Cavanaugh v. Beecher, 99-E-163, (Grafton, Fitzgerald, 12/20/99) AFFIRMED
Observed vehicle in middle of intersection; plaintiff asleep with seat reclined; engine not running and headlights off; tire flat; arrested for DWI; court held that "… the keys were in the driver's seat and the Petitioner was found sitting behind the wheel of his vehicle which was parked illegally in the middle of the intersection. More importantly, the Petitioner told Trooper Terhune that before he got the flat tire, he had been driving home from a wedding where he had consumed six beers. In addition, the Petitioner exhibited numerous signs of drunkenness … a rational trier of fact could find beyond a reasonable doubt that the defendant was operating the vehicle in an inebriated condition and was therefore, in actual physical control of the vehicle", citing State v. Willard and State v. Halloran.

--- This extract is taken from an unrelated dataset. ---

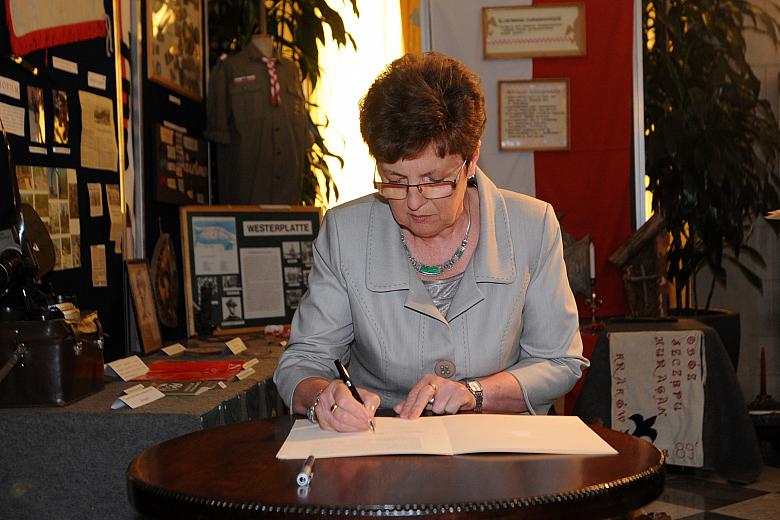 ...Przewodnicząca Rady Miasta Krakowa Małgorzata Radwan-Ballada...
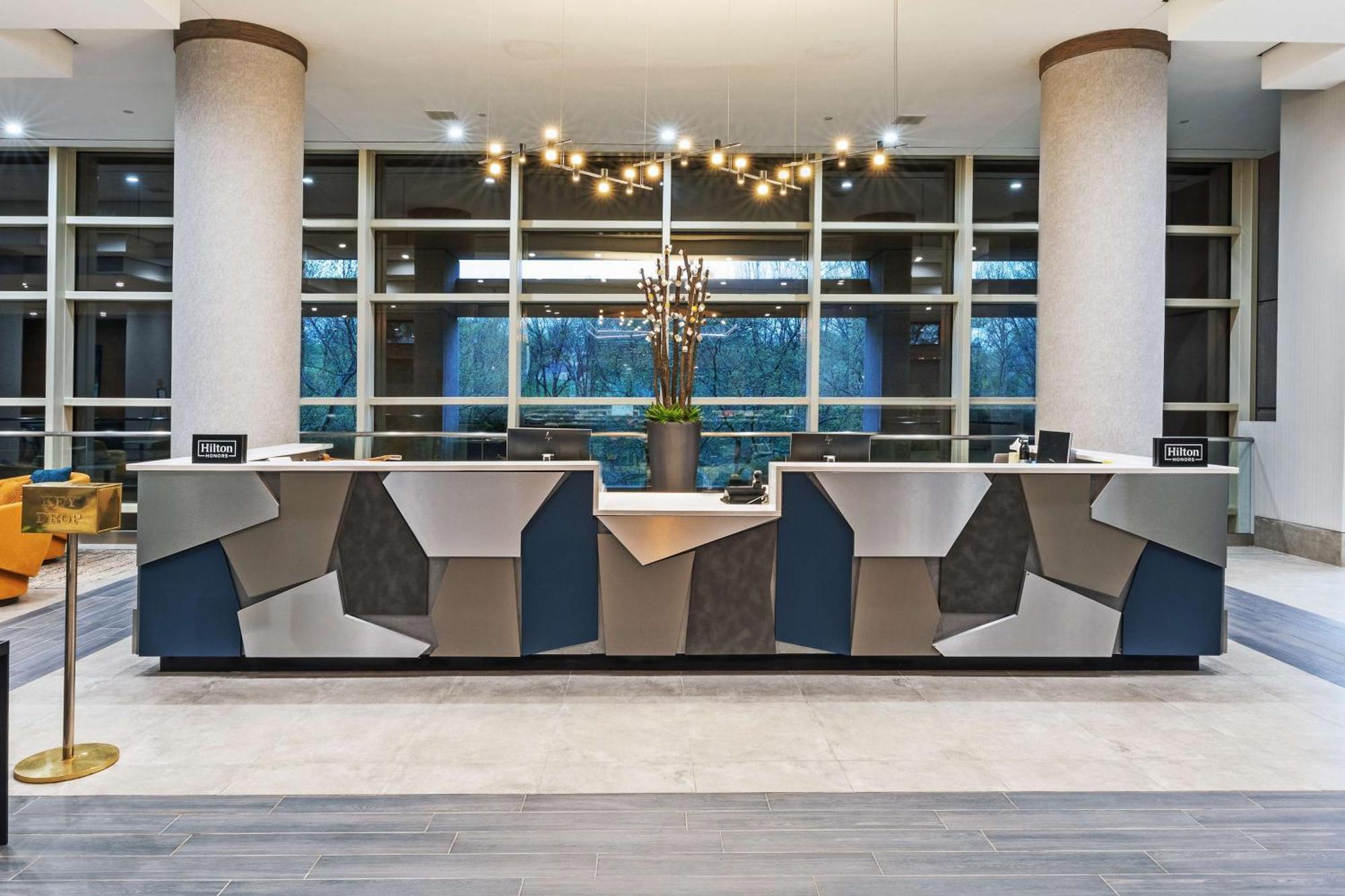 Doubletree By Hilton Tulsa At Warren Place Eksteriør bilde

Boress v. Beecher, 99-E-495, (Rockingham, Abramson, 12/7/99) REVERSED
Observed vehicle in lot by ball field; no keys in ignition and no one around vehicle; plaintiff, who was owner of vehicle, emerged from outhouse nearby; plaintiff claimed a friend had driven him there and someone would be coming to give him ride home; arrested for DWI; court held that the officer"… never saw the petitioner inside the truck, the truck's engine was not running, the lights were not on, the keys were not in the ignition, the petitioner did not state that he intended to drive, and in fact, stated that someone else had driven the truck to that spot and would soon arrive to give him a ride … the Court finds that Officer Reppucci lacked reasonable grounds to conclude that the petitioner was in actual physical control of his vehicle", citing State v. Willard, State v. Halloran and O'Shaughnessy v. Beecher, below.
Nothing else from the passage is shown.